**HOW TO COMPLETE THIS TASK:**
Within the lines below, the span from the line with "How to Get a Pimple to Go Away Fast" to the line with "28158 even skin tone tips", both ends included, is to be reproduced exactly, with pictures omitted.

**SOURCE INFORMATION:**
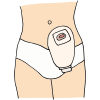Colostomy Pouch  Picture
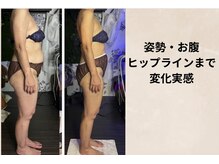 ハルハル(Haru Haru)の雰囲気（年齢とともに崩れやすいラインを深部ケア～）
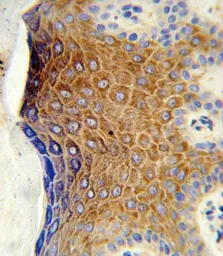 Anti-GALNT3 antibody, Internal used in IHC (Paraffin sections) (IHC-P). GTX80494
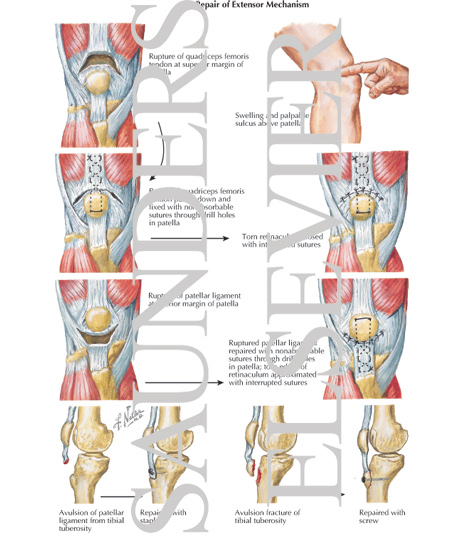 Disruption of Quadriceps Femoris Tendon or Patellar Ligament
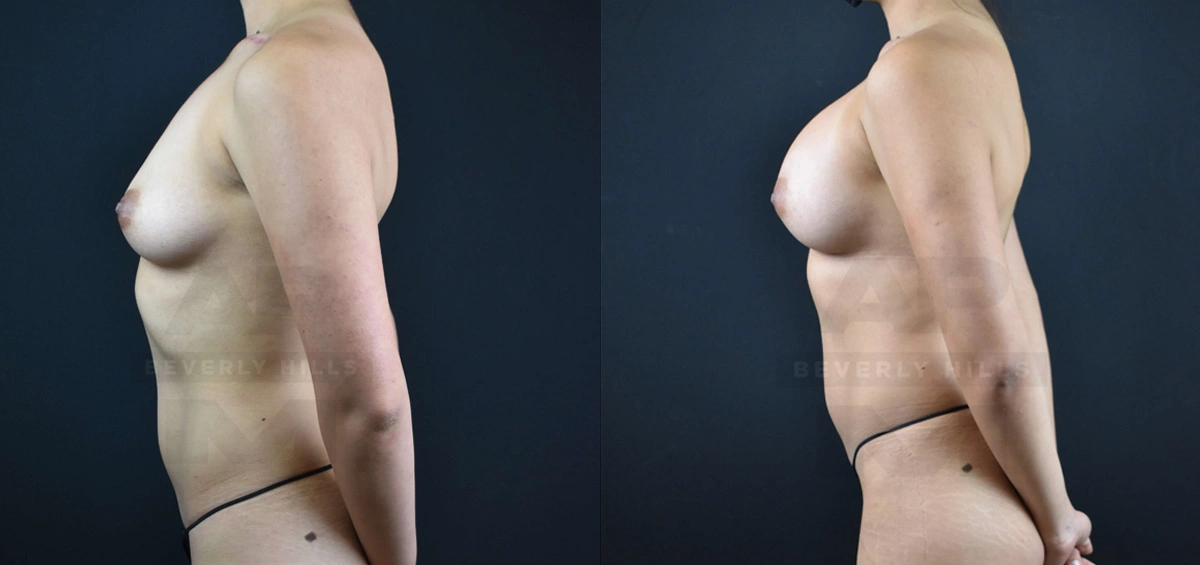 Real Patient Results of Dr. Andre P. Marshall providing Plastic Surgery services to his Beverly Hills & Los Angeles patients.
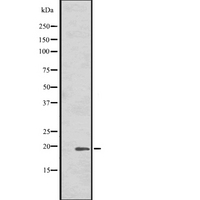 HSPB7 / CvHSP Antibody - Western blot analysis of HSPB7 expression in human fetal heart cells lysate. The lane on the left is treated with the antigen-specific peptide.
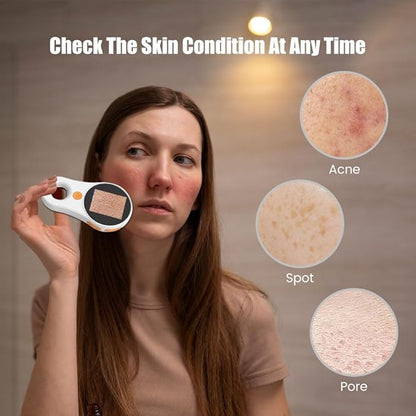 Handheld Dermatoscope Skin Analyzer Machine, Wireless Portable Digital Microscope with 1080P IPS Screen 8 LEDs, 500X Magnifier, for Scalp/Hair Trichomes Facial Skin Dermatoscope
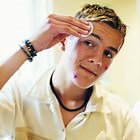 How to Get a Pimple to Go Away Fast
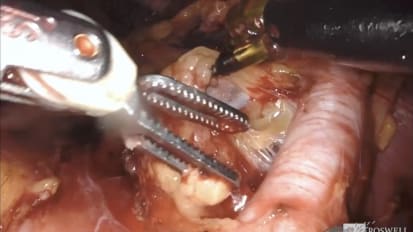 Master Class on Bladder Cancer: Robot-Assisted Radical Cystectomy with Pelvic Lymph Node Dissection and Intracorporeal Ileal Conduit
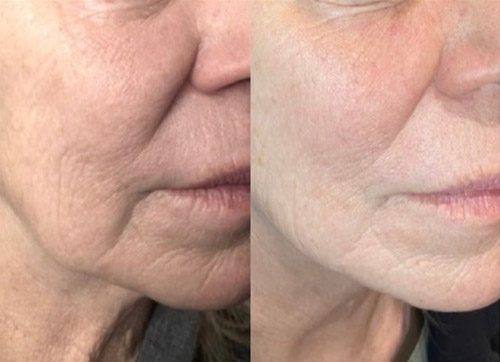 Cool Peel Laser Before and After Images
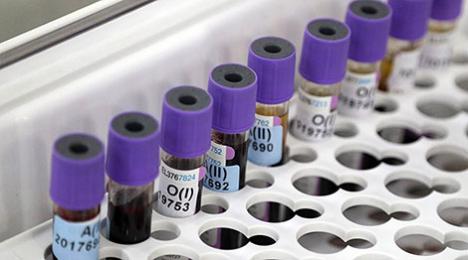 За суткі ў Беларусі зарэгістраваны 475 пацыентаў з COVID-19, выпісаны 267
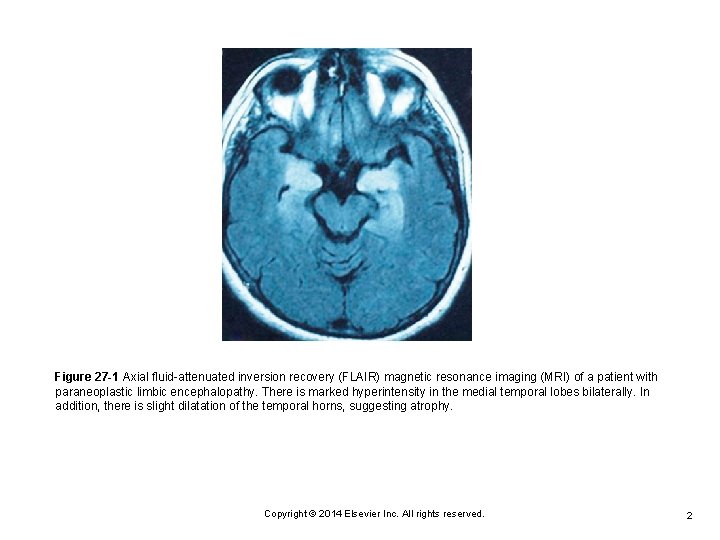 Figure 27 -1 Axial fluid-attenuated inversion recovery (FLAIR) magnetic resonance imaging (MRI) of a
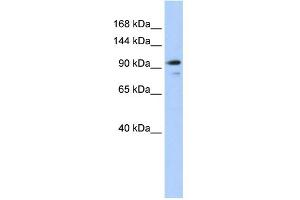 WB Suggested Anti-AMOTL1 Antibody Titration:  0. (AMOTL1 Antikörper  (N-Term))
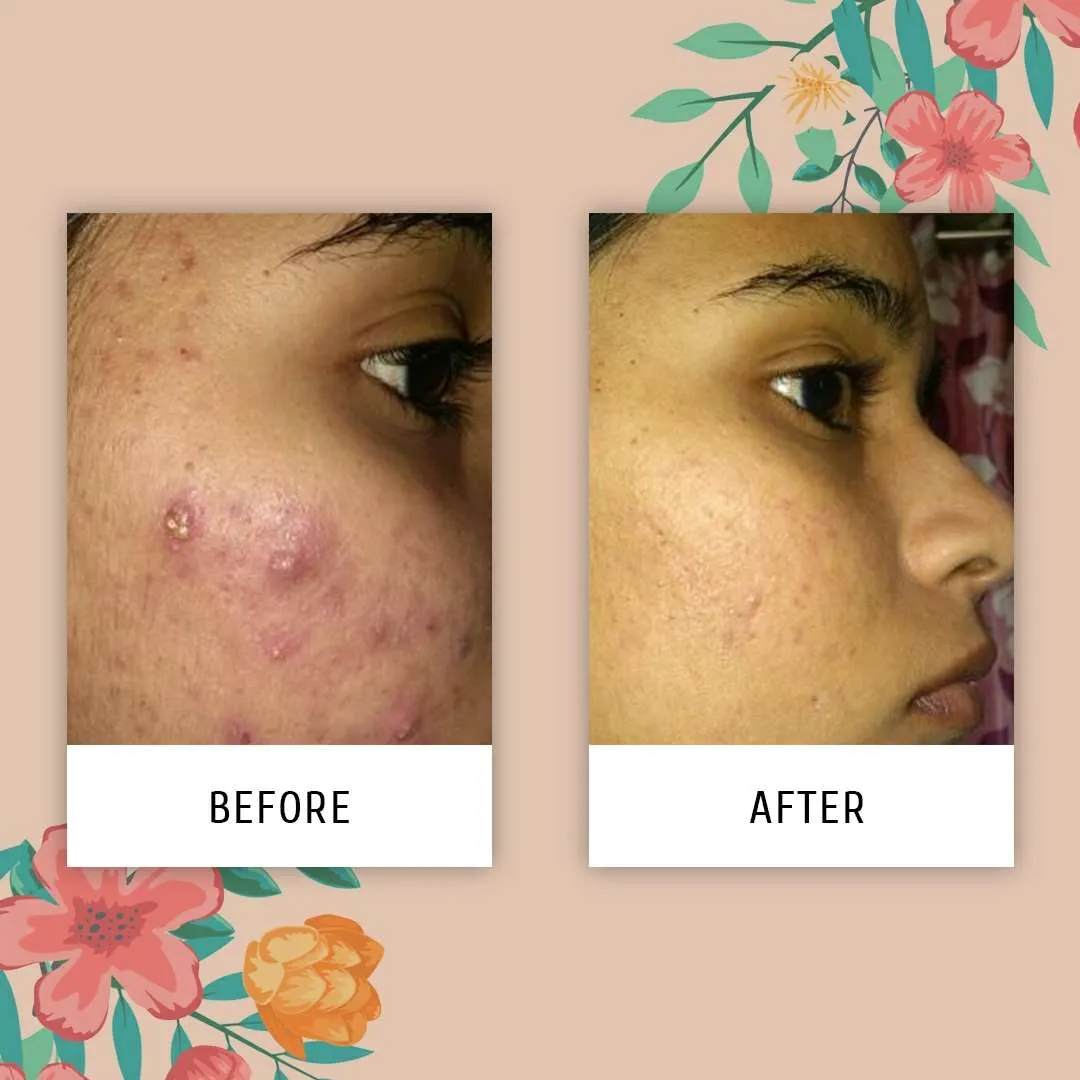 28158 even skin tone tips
---
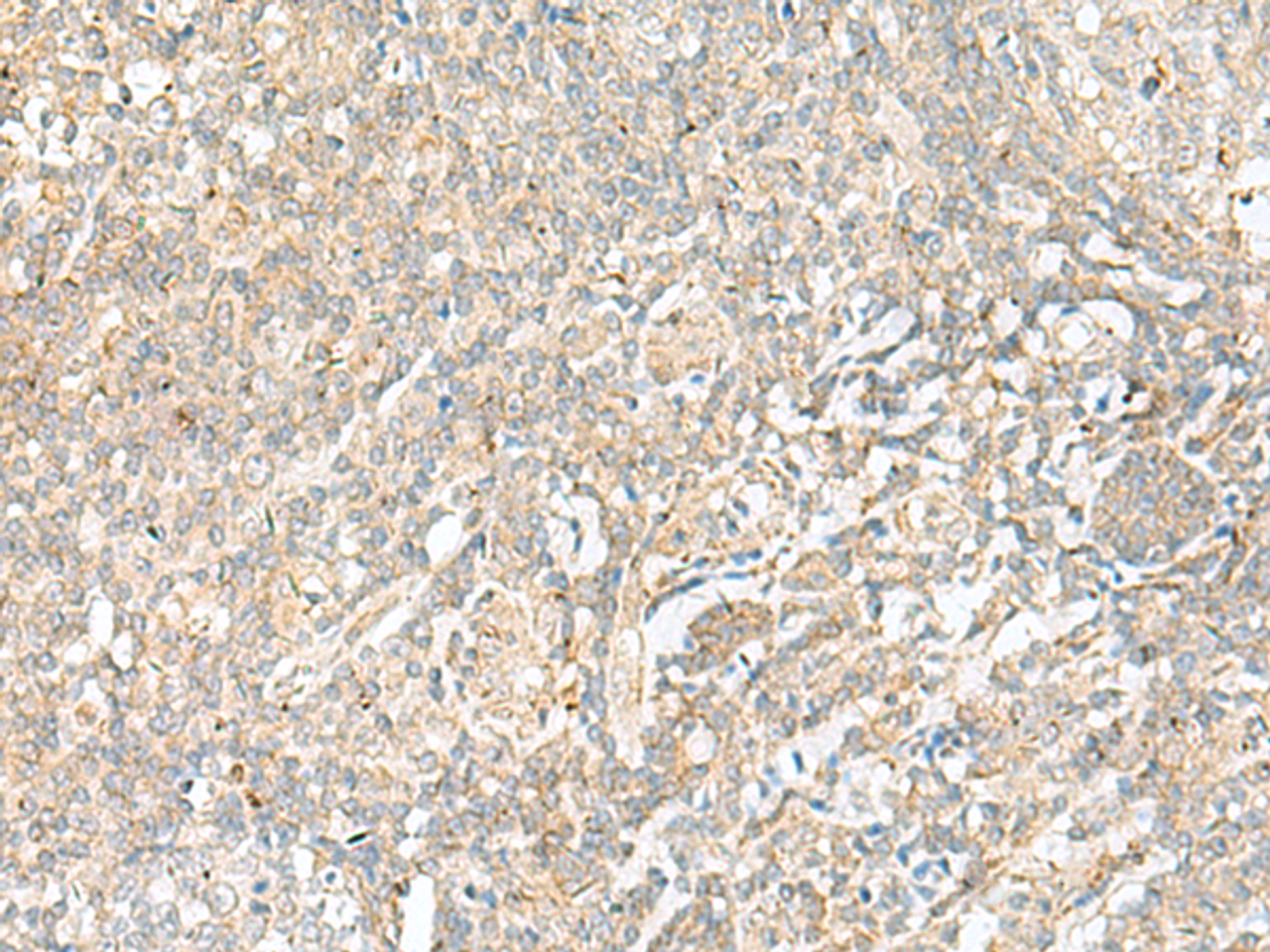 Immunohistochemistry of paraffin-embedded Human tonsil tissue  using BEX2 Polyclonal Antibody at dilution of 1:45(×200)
--
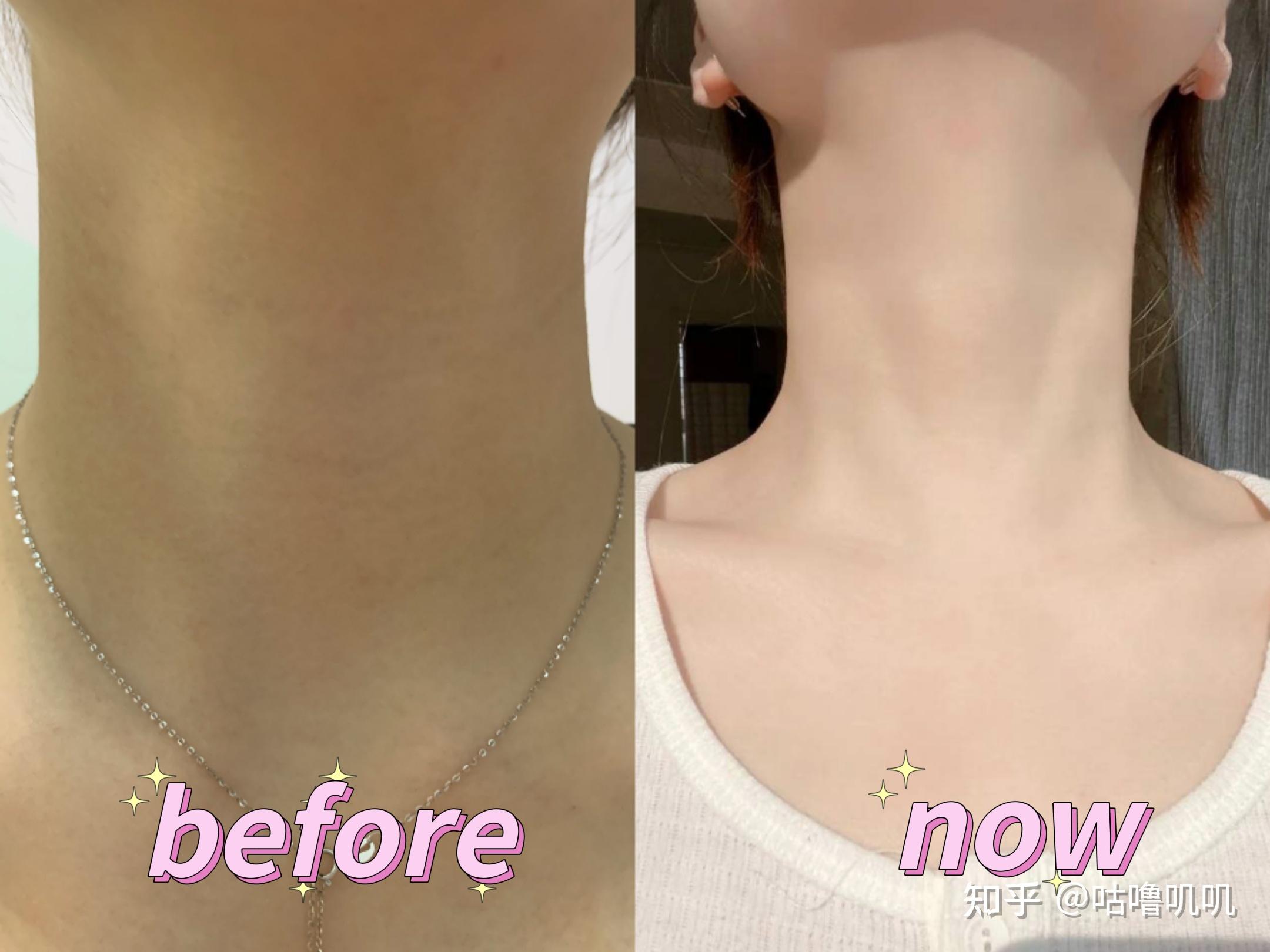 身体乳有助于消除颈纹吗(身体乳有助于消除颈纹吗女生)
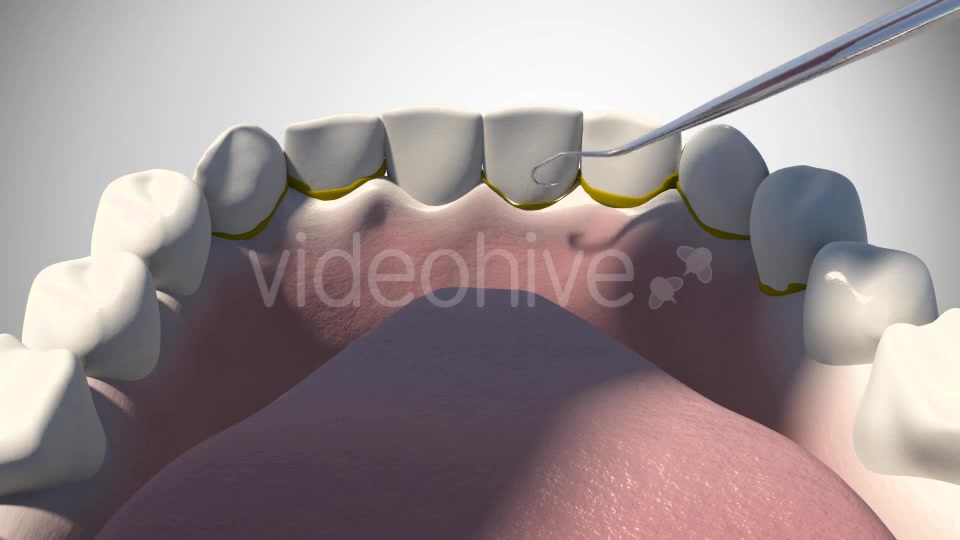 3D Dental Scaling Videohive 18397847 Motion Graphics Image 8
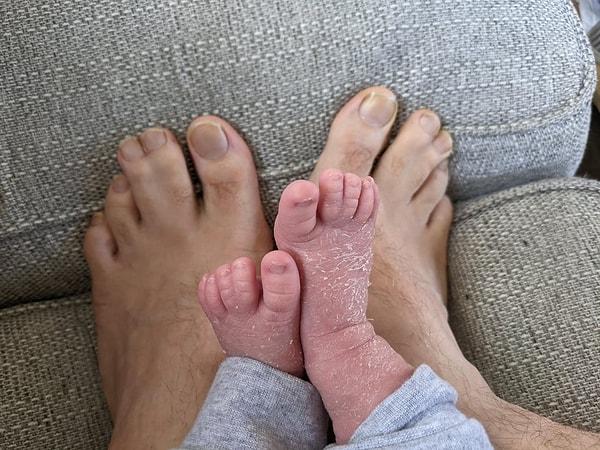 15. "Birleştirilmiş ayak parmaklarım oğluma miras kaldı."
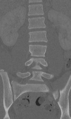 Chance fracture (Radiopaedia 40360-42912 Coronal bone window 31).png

**OUTPUT BELOW:**
 How to Get a Pimple to Go Away Fast
 Master Class on Bladder Cancer: Robot-Assisted Radical Cystectomy with Pelvic Lymph Node Dissection and Intracorporeal Ileal Conduit
 Cool Peel Laser Before and After Images
 За суткі ў Беларусі зарэгістраваны 475 пацыентаў з COVID-19, выпісаны 267
 Figure 27 -1 Axial fluid-attenuated inversion recovery (FLAIR) magnetic resonance imaging (MRI) of a
 WB Suggested Anti-AMOTL1 Antibody Titration:  0. (AMOTL1 Antikörper  (N-Term))
 28158 even skin tone tips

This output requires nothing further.